ギャレドをはじめとしたゴシュの氏族のヤイヴの霊体たちは、それぞれ武器や拳を掲げると、戦意溢れる表情を浮かべて消えていった。ネズは赤ん坊を掲げていたが、その赤ん坊も勇ましく拳を掲げている。
「へっ、ネズの子供らしいや」
鼻をすすりつつ、ゴシュは笑った。
「これでイキッた人間どもにやり返せるだろ。あと娘っ子、今は確か料理で眠り人の旦那に仕えてるんだよな?」
「ああ、修行してるけど結構おいしいって言われてんだぜ!」
「今な、西の工人の都市カ・シで、おれらヤイヴ用の調理道具を作ってる奴がいる。しかし、なかなか日の目を見ねえで食い詰めてるようだ。近々、オレぁそいつの夢に出て、西の櫓に向かうように伝えるつもりだ。夢魔の姫さんにも挨拶しとくから、そいつの道具を買い上げて使い、有名にしてやってくれや。フライパンと肉切り包丁だ。復讐に先が見えてきたら、どっちにも特別な力を付与してやっからよ」
「わかったぜ!」
「あとは、出来ればだがよ……」
「オゴス、それは無粋だし高望みってやつだ。少なくとも、今言うべき事じゃないよ?」
(何の話だ?)
言いよどんだオゴスに対し、バゼルがたしなめる。しかし、ゴシュにはこの会話の意味が分からなかった。

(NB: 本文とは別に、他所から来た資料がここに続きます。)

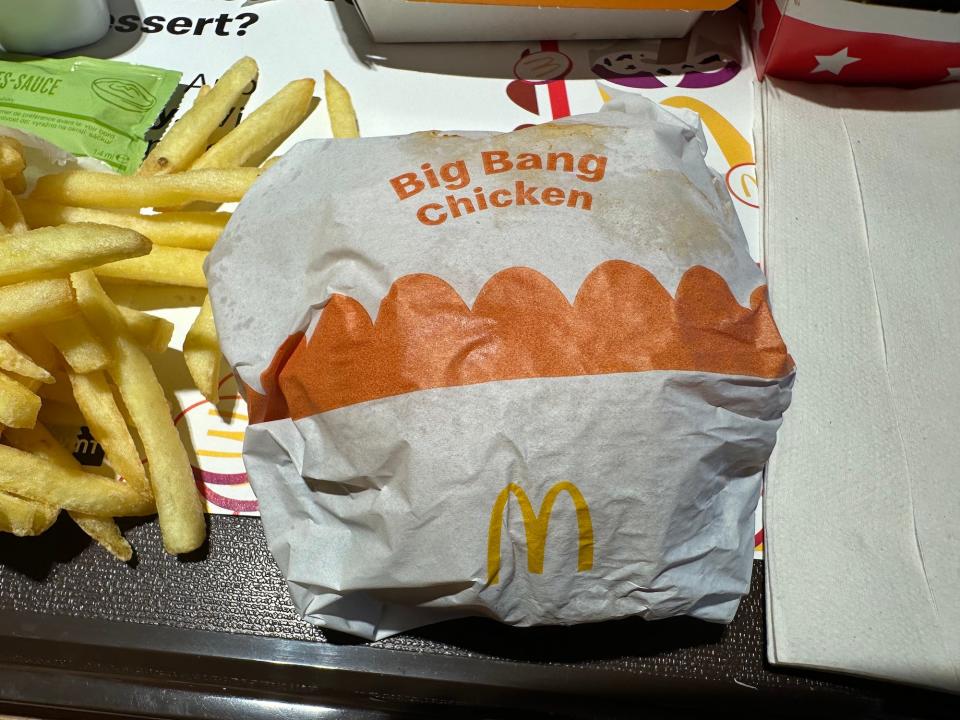 mcdonalds packaged big bang chicken sandwich on a tray next to french fries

「そうだったな。……娘っ子、オレの話は終わりだ。そして、おめぇの氏族の死体はこの地に小山のような塚を作って埋めてやれ。オレ様の御嶽(※小規模な聖地のこと)のひとつとしてやるからよ! これも誰か墓づくりの得意な奴をこの地に来るようにさせるぜ」
「ほんとかよ! ありがとう、オゴス様!」
これは、ウロンダリア中の上位のヤイヴたちにとってオゴスに祈りをささげる際の巡礼の地が一つ増えた事を意味する。ゴシュの氏族たちは今後、オゴスに祈る巡礼者たちに祈りを捧げられるようになったことを意味してもいた。これはヤイヴの死者の扱いとしては最上級のものに等しかった。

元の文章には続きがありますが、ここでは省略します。